Through the review, we found that although many people apply cutting-edge technologies such as computer vision to civilian infrastructure, they have not been implemented in practice and have not achieved real-time detection technology.

5 Conclusions

Computer vision has attracted the increasing attention of researchers and practitioners. This paper gives a brief review of the application of deep learning-based computer vision in civil infrastructure maintenance. Firstly, the research progress of deep learning was reviewed, including the important milestones and deep learning architectures. Deep learning is widely used in the three major directions of computer vision, image classification, object detection, and object segmentation. Secondly, the models used in these three aspects are summarized. Finally, the applications of deep learning-based computer vision for damage detection in the maintenance phase of civil infrastructure, including sewage pipes, bridges and roads, were reviewed.

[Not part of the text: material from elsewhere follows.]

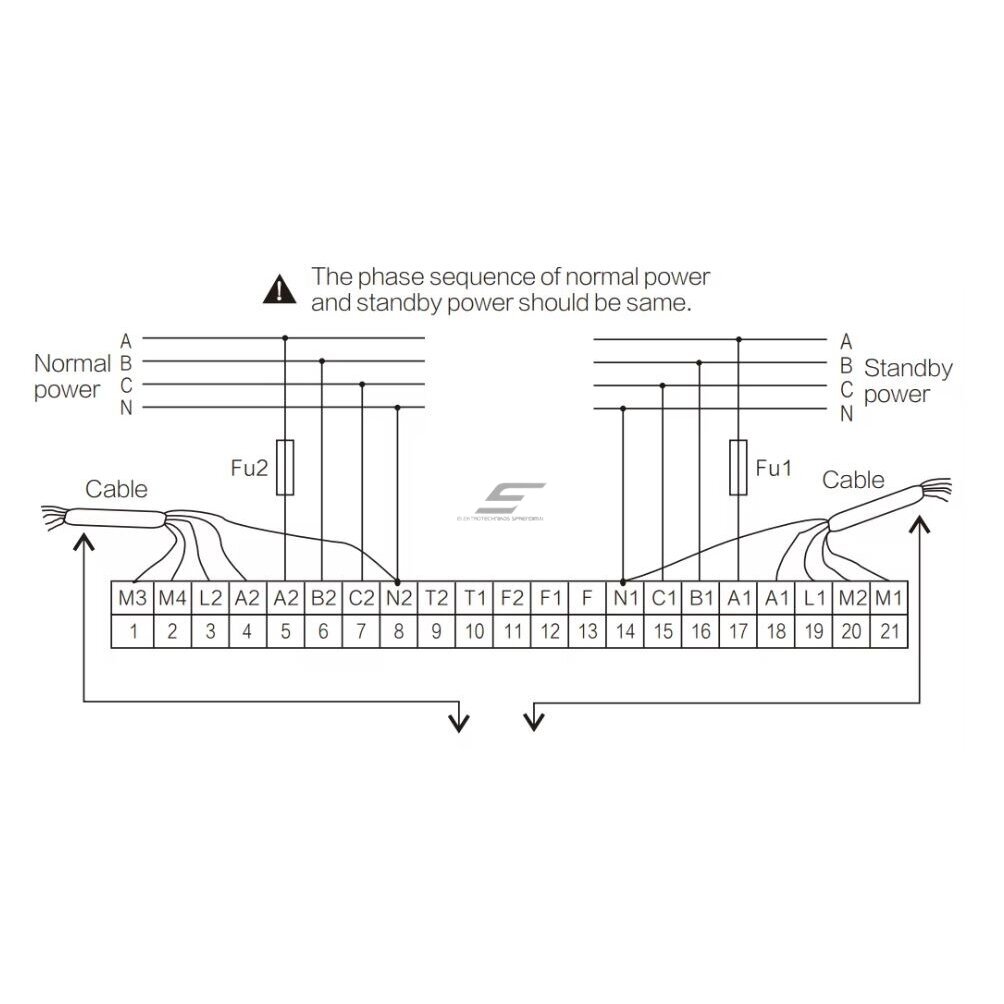 Panelowy | cyfrowy automatyczny przełącznik rezerwy (ATS) do generatorów | do nieprzerwanego zasilania elektrycznego | 230V | RS485 | 150x122x62mm 3 Panelowy | cyfrowy automatyczny przełącznik rezerwy (ATS) do generatorów | do nieprzerwanego zasilania elektrycznego | 230V | RS485 | 150x122x62mm 3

Through the review, we can find that more and more people are paying attention to automation and intelligence. The application of cutting-edge technology to the construction industry is a measure that conforms to the times. Moving to the forefront of technology is a necessary condition for the development of automation and intelligence in the construction industry. Prosperous application prospects in other aspects of the construction industry. In recent years, these reviewed models have become new hotspots for deep learning and CNN to effectively applied in computer vision, multi-object classification and related fields. They are considered effective methods and tool by the industry and academia. Applying deep learning-based computer vision technology to the construction management field can achieve greater and more innovation and promote the transformation and development of the construction industry. However, we found that although many people apply cutting-edge technologies such as computer vision to civil infrastructure, the implementation is limited in practice, and the real-time detection is also still limited.